## Task
Below are entries; repeat exactly, and nothing else, the lines from the one holding "Explorando o Mundo" through the one holding "Brake calipers pinze", inclusive. Leave the pictures out.

## Data supplied
————————

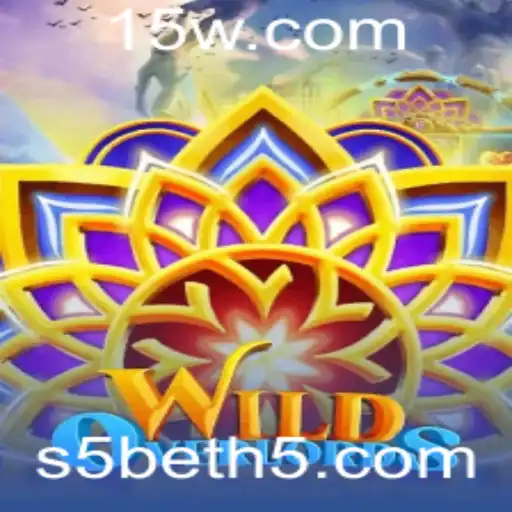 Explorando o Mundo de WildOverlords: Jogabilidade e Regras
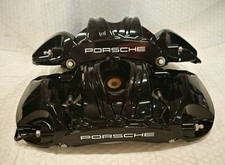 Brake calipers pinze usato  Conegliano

————————

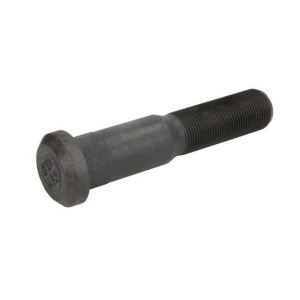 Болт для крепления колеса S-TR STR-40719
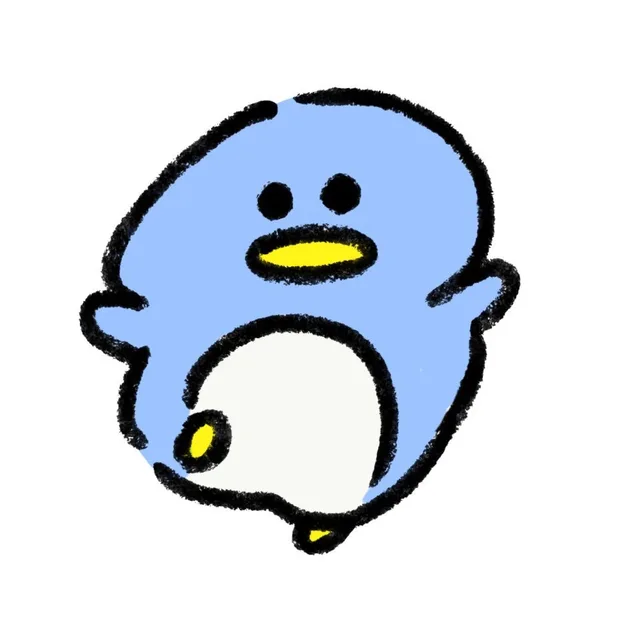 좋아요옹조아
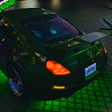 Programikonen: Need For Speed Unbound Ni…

————————

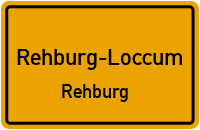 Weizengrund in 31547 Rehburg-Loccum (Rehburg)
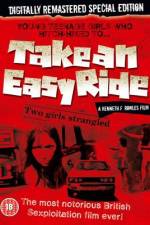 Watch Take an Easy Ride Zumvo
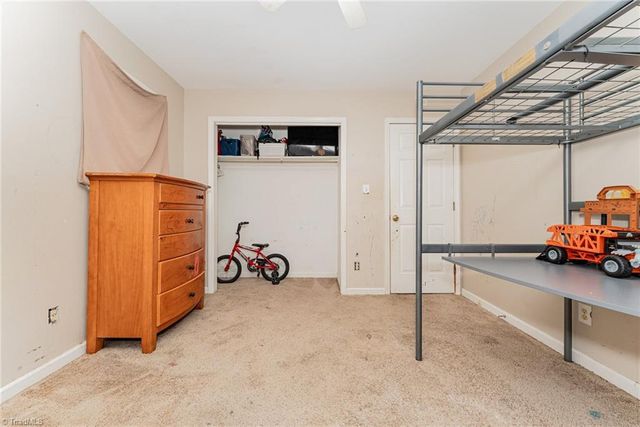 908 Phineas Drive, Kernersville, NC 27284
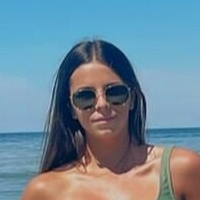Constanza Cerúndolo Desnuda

————————

## Response area
 Explorando o Mundo de WildOverlords: Jogabilidade e Regras
 Brake calipers pinze usato  Conegliano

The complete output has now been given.